* The data *
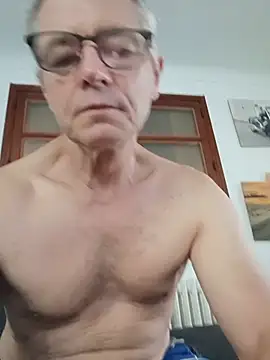 Snapshot of Sexyfab65 chatting on 07/10/26, 11:24 Sexyfab65 online show from 07/10/26, 11:24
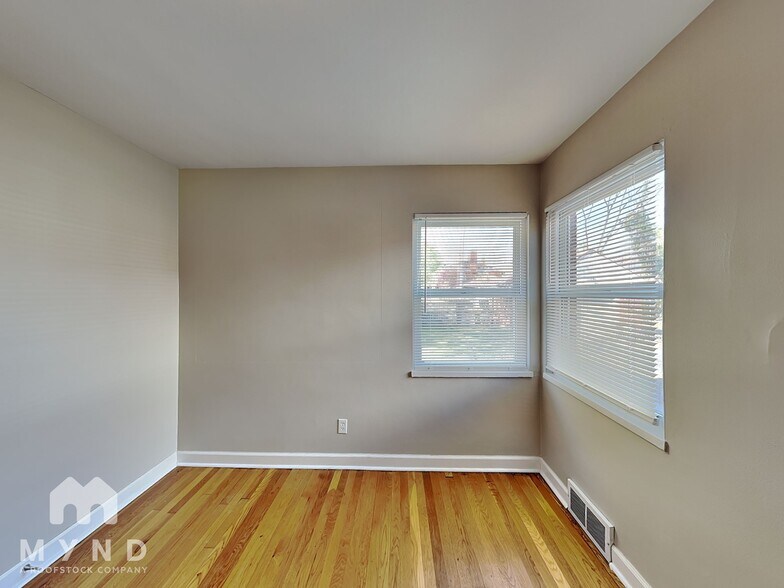 Building Photo - 675 Brookside Dr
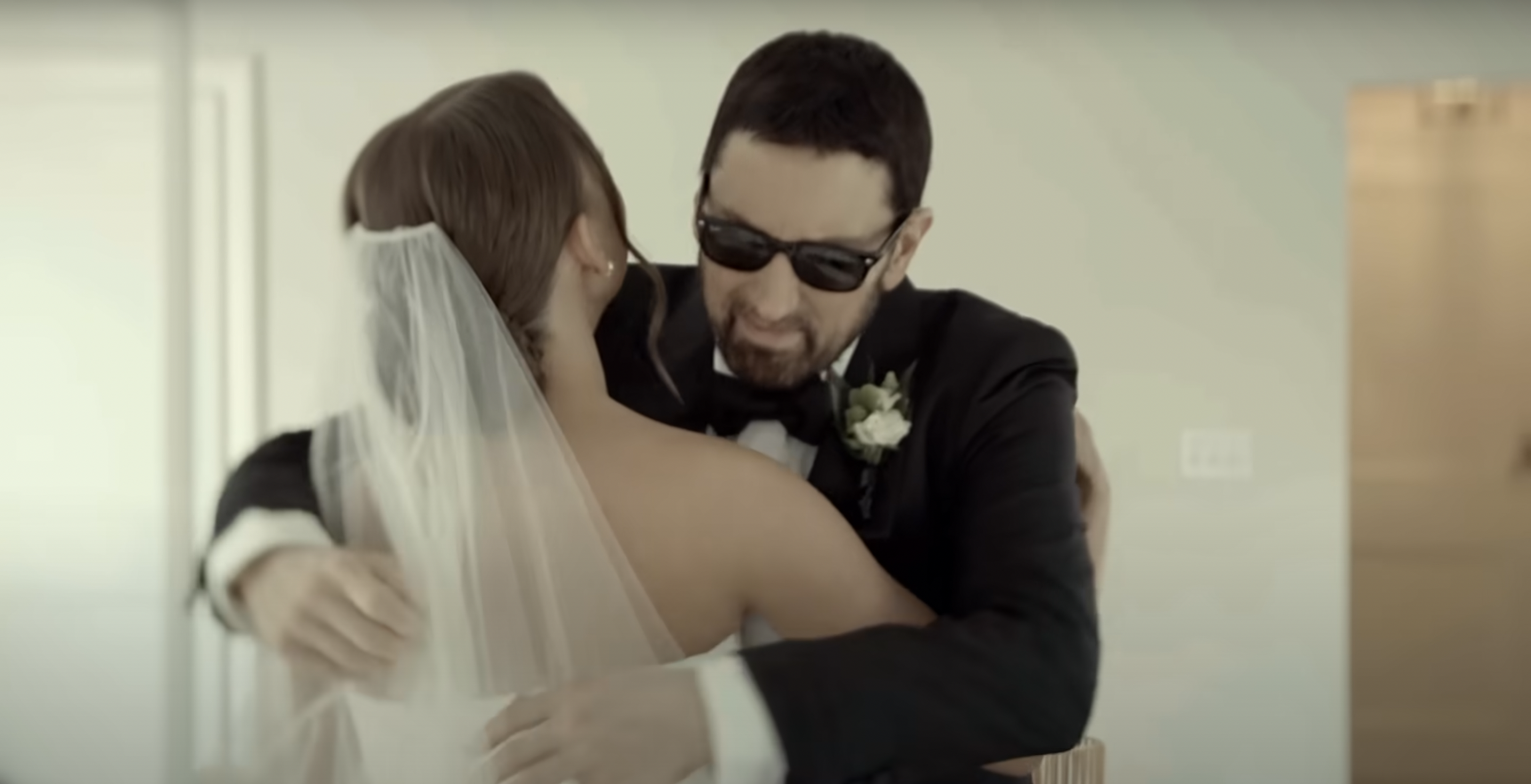 Eminem y Hailie Jade en su boda en un clip subido el 3 de octubre de 2024 | Fuente: YouTube/EminemMusic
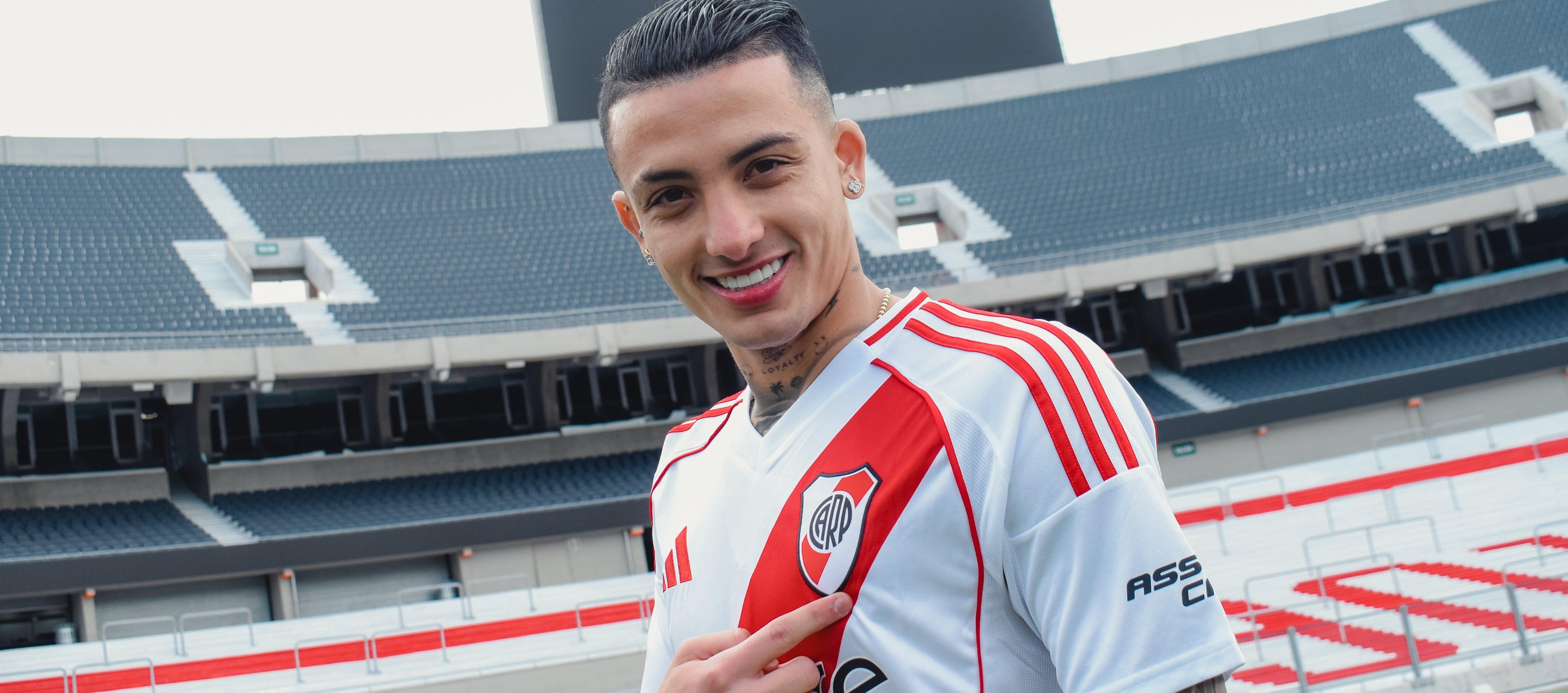El colombiano Kevin Castaño luciendo la camiseta de River Plate.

* What you have to do *
Only the text of the material belongs in your copy, which must match the original exactly.

* Solution to this problem *
 Snapshot of Sexyfab65 chatting on 07/10/26, 11:24 Sexyfab65 online show from 07/10/26, 11:24
 Building Photo - 675 Brookside Dr
 Eminem y Hailie Jade en su boda en un clip subido el 3 de octubre de 2024 | Fuente: YouTube/EminemMusic
El colombiano Kevin Castaño luciendo la camiseta de River Plate.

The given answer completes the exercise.